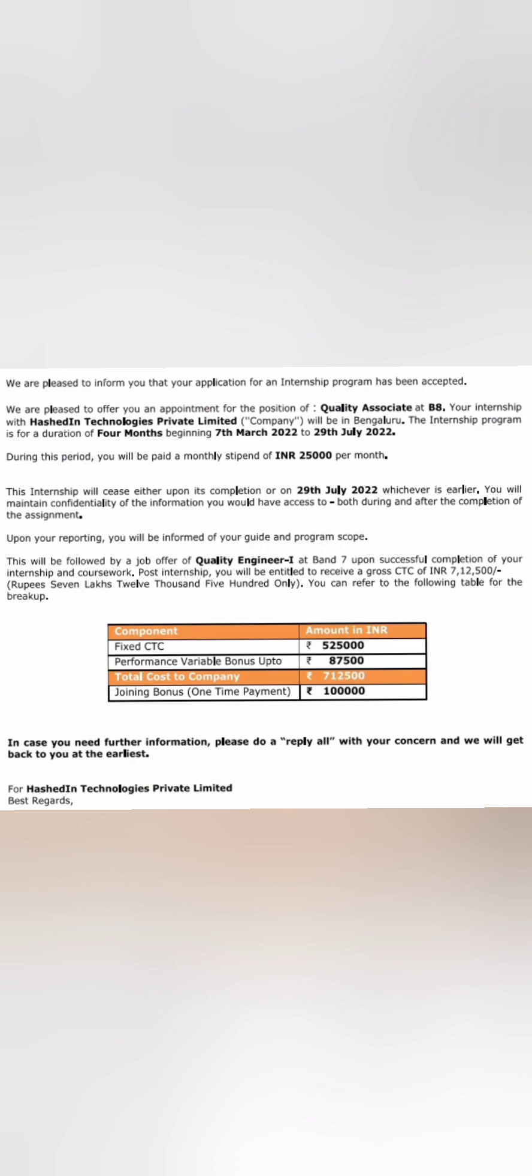The student was given a monthly stipend of 25,000 per month. The internship will end on 29th July. It also says that on successful completion of this internship, the student may get the job offer, which is called PPO - pre-placement offer - for the position of Quality Engineer 1, and the band will be 7 upon successful completion of internship. This is what a lot of students look for.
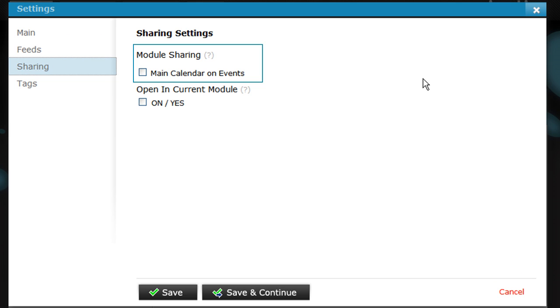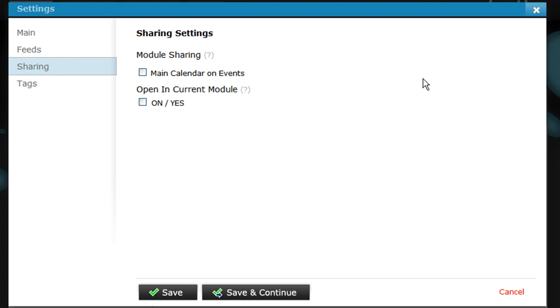This page lists all the potential calendar modules that can be shared with. The first part is the module's name, and that's why we renamed it earlier. Otherwise, it would just say calendar, no matter how many calendars you had. The second part is the page on which the module is located. Click the check box to select it.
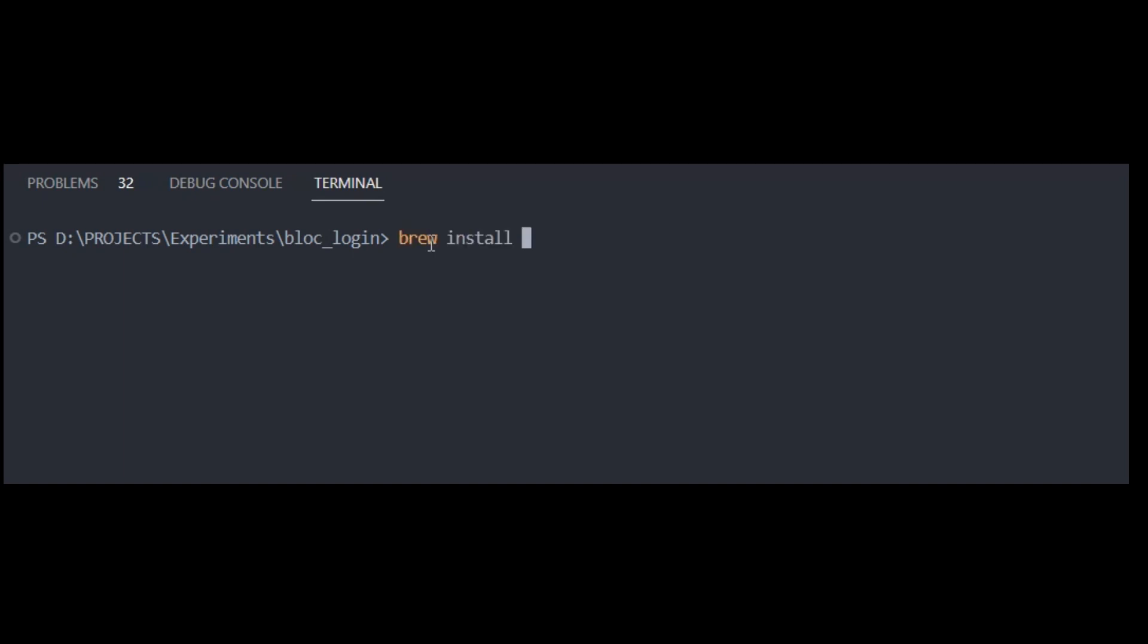First, let's install FlutterGen. There are two methods we can use. If you're on macOS or Linux, you can use Homebrew.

*TASK BRIEF*
Output an exact copy of the material, with the pictures removed.

*OUTPUT*
The student was given a monthly stipend of 25,000 per month. The internship will end on 29th July. It also says that on successful completion of this internship, the student may get the job offer, which is called PPO - pre-placement offer - for the position of Quality Engineer 1, and the band will be 7 upon successful completion of internship. This is what a lot of students look for.
This page lists all the potential calendar modules that can be shared with. The first part is the module's name, and that's why we renamed it earlier. Otherwise, it would just say calendar, no matter how many calendars you had. The second part is the page on which the module is located. Click the check box to select it.
First, let's install FlutterGen. There are two methods we can use. If you're on macOS or Linux, you can use Homebrew.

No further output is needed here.